Be realistic and set limits

“If you have difficulty with certain family members, be realistic about how much time is healthy to spend with them,” says Dr. Elena. “Instead of staying the night, visit them for lunch.”

And give yourself permission to say “no”. Don’t force yourself to be in situations you don’t want to be in.

Keep your expectations low

“Don’t dwell on what the Christmas holidays are supposed to be like and how you’re supposed to feel,” says Dr. Sue Peacock, a leading consultant health psychologist.

“If you compare your festivities to an ideal greeting card, they will always fall short.”

do something different

This year, if the prospect of the usual routine fills you with dread rather than joy, why not change it?
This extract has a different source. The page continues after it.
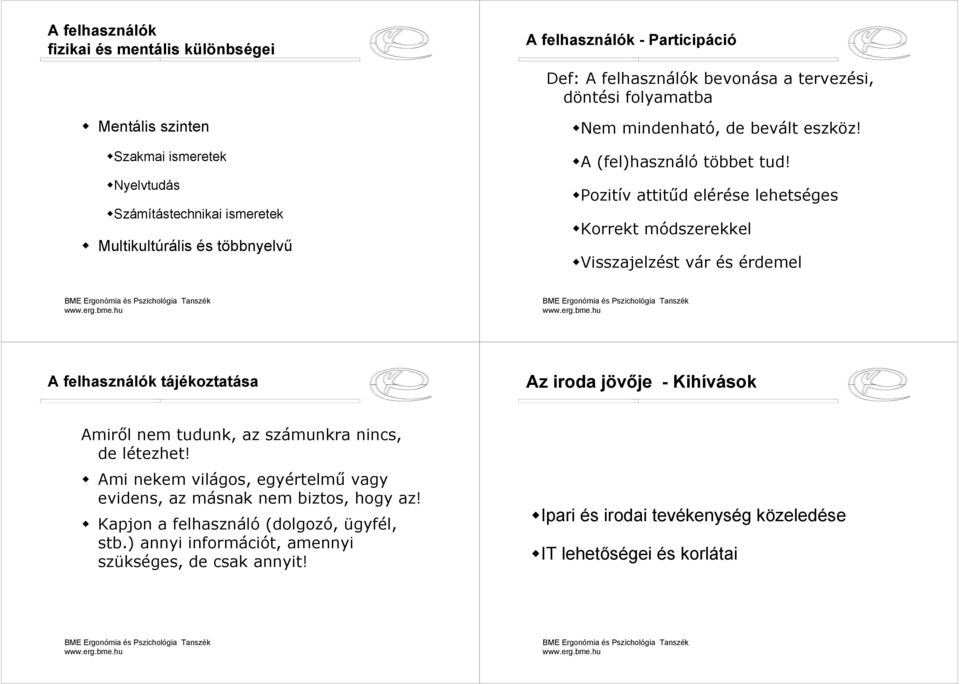 visszajelzést vár és érdemel A felhasználók tájékoztatása Az iroda jövője - Kihívások Amiről nem tudunk, az számunkra nincs, de létezhet!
“Try something different,” recommends Dr. Sue. ‘Christmas dinner in a restaurant. Spend Boxing Day at the movies or ask your family to agree to donate the money to charity instead of exchanging gifts.

Give yourself a break

Panic attack concept. Uncomfortable woman has chest pain and dizziness. A depressed woman with nervous problems has shortness of breath and feels anxious.

“Pledge to do things that nourish you and make you feel good” (Photo: Getty Images/iStockphoto)

“Christmas and New Years can be a time to dwell on imperfections, mistakes and things you’re not proud of,” warns Dr Sue.

“So be gentle with yourself and proud of how well you handled the year.”

Take care of yourself

“Commit to doing things that nourish you and give you a sense of well-being throughout the holiday season,” says Dr. Elena.

She suggests running an indulgent bath, sticking to your exercise routine, or taking nice walks.

Acquire help

If you are struggling, support is there for you. Speak to your GP or a private therapist,” says Dr Elena.

“The sooner you get the right support, the better your chances of a quick recovery.”